Je repense à la visite de ma partenaire, ce matin, qui me disait au revoir d’une voix tremblante. Afin de nous éviter une longue conversation à propos de notre séparation temporaire, j’ai fait semblant de dormir tout le long.
Ce n’était pas facile. J’aurais aimé la rassurer. J’aurais aimé lui demander pardon. Mais ce n’est pas le plus important, dans l'immédiat. Et puis elle est entre de bonnes mains avec Eri—
…
“A.. Azul ?!”
“Erika…”
Alors que je marchais dans le camp, la tête dans les nuages, me voici maintenant nez à nez avec celle que j’ai toujours considérée comme étant ma cousine. Que fait-elle ici…? Le groupe d’Ember est pourtant déjà parti pour Safrania.
Un silence pesant s’installe, alors que nous fuyons mutuellement le regard l’un de l’autre. Il y avait une ambiance étrange depuis sa déclaration de l’autre jour. Et il semblerait que cette ambiance soit toujours présente…
“Tu ne devrais pas te reposer…?” Demande-t-elle, jouant avec une de ses mèches en tournant la tête dans une direction aléatoire.
Je pourrais lui répondre, mais j’ai le sentiment que si je le fais, la conversation prendra une tournure déplaisante. Je décide donc de dévier le sujet.
“Et toi ? Tu n’es pas avec Ember ? Le major a pourtant dit qu’elle partait avec une amie.”
Les yeux verts de la jeune femme se posent finalement sur moi, alors que son expression semble plus calme.
“Hah ? Il devait parler d’Anzu.”
“Anzu ? Anzu Fuschia ?” Je demande, incapable de cacher mon étonnement.
“Oui. C’est elle qui nous a informés pour Safrania. Elle dit que le boss de la mafia est—”
“Je sais,” je me permets de l'interrompre, sachant que le sujet est sensible pour elle.
Mais alors le clan Fuschia aurait décidé de nous aider ? Pour de vrai cette fois-ci ? Où serait-ce un caprice de leur princesse ?
Dans tous les cas, Anzu est une bonne combattante, même sans son Soldat. Ember est entre de bonnes mains.
“Du coup, tu ne m’as pas répondu. Qu’en est-il de toi ?” Je repose la question. Selon sa réponse, peut-être que je devrais aborder le sujet de ma prochaine destination.
“Oh. Euh… Je vais à Céladopole. J.. Juste pour y récupérer quelque chose que j’ai oublié…”
“Pardon ?!” Ma voix se hausse par réflexe, alors que je fais un pas en direction d’Erika.
Après avoir fui la capitale, y retourner serait de la folie. Il est certain que la Team Rocket y a laissé quelques membres infiltrés. Sans parler de la Ligue, qui doit être au courant pour sa connexion avec nous. Son statut de membre du clan Kimono ne pourra pas la protéger de tout.
“L.. Le Major a assigné quelques soldats à ma protection ! Et puis c’est quelque chose de très important,” dit-elle en reculant de deux pas, tendant ses bras afin d’établir une distance de sécurité entre elle et moi.
Je vois mal ce qu’elle aurait pu oublier de si important. Mais soit. Je n’ai pas le temps de la convaincre. De plus, elle sera probablement plus en sécurité à Céladopole qu’à Safrania.
“Fais attention à toi. Ne va pas prendre des risques stupides,” j’ajoute en soupirant.
“Promis ! Quant à toi…” son regard se pose sur les nombreux bandages éparpillés sur mon corps. “Repose-toi, d’accord ? Tu l’as bien mérité.”
Son sourire triste est difficile à regarder. Mais j’acquiesce quand même. Et après que nous nous soyons dits « au revoir », je la regarde partir, ma conscience bloquée sur le mensonge silencieux que je venais de lui communiquer.
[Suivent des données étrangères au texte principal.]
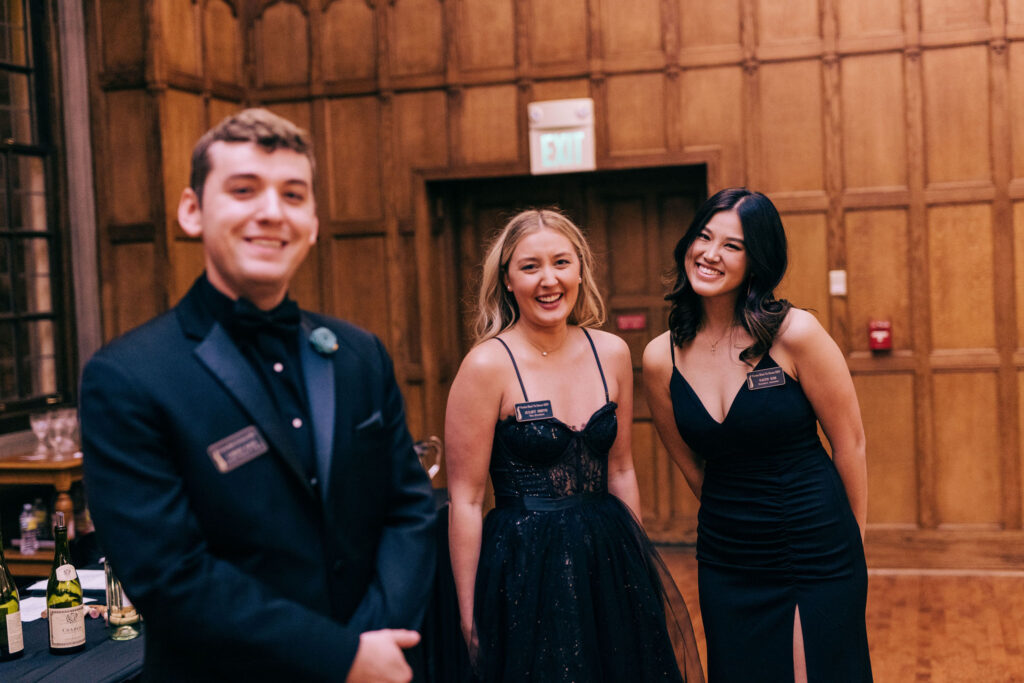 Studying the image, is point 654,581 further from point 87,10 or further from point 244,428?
point 87,10

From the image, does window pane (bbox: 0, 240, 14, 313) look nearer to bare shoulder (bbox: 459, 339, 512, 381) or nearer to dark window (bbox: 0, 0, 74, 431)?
dark window (bbox: 0, 0, 74, 431)

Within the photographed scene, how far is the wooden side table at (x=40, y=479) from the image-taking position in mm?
4602

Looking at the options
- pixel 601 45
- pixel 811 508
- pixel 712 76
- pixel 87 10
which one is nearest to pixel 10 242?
pixel 87 10

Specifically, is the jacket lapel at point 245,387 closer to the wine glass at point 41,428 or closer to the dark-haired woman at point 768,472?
the dark-haired woman at point 768,472

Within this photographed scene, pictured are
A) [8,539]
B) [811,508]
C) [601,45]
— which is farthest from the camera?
[601,45]

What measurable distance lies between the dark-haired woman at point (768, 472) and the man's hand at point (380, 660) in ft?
3.92

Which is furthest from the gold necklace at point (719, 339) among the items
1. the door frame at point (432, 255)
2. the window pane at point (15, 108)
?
the window pane at point (15, 108)

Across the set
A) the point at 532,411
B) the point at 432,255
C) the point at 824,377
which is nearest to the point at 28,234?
the point at 432,255

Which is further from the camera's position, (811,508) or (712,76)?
(712,76)

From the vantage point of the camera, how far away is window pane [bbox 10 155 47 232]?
16.9ft

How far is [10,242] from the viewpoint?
509 centimetres

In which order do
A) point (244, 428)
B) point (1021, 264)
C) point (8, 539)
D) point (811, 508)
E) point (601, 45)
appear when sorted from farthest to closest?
point (601, 45) < point (1021, 264) < point (8, 539) < point (811, 508) < point (244, 428)

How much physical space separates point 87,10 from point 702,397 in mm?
4724

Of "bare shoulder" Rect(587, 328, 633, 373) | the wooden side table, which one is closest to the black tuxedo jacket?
"bare shoulder" Rect(587, 328, 633, 373) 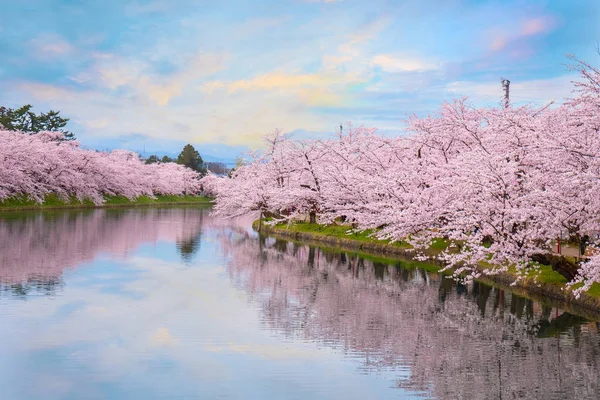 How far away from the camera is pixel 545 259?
61.3ft

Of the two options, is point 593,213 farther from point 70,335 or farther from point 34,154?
point 34,154

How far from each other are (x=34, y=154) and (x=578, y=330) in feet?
179

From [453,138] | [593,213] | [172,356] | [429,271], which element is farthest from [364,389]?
[453,138]

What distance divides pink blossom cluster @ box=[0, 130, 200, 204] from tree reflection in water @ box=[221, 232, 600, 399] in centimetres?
3971

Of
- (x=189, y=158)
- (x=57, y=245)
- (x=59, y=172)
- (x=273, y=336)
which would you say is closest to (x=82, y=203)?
(x=59, y=172)

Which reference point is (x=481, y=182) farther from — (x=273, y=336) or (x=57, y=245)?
(x=57, y=245)

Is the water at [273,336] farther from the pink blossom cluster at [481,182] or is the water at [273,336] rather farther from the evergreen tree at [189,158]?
the evergreen tree at [189,158]

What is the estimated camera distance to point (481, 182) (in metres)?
18.6

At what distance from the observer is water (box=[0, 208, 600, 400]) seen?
382 inches

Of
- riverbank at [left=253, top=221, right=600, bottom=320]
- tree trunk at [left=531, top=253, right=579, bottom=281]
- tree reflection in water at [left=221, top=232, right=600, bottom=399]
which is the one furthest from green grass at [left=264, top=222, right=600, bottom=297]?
tree reflection in water at [left=221, top=232, right=600, bottom=399]

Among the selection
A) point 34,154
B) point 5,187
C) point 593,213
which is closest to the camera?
point 593,213

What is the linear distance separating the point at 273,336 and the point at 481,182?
878 cm

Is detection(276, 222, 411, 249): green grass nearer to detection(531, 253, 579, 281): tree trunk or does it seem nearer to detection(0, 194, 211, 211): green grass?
detection(531, 253, 579, 281): tree trunk

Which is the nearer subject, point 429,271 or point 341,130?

“La pauvre. Elle est tombée amoureuse du mauvais bougre.”
Mes yeux se tournent en direction de la voix grave qui venait de prononcer ces mots. Un vieil homme aux longs cheveux bleutés et au regard lourd se tient à côté de moi, observant la silhouette d’Erika s’éloigner peu à peu.
“Je ne vois pas en quoi cela vous concerne. Et si vous alliez voir ailleurs si elle y est ?” Mes mots sont aussi tranchants que les lames d’un rasoir, alors que je sens mon sang commencer à bouillir.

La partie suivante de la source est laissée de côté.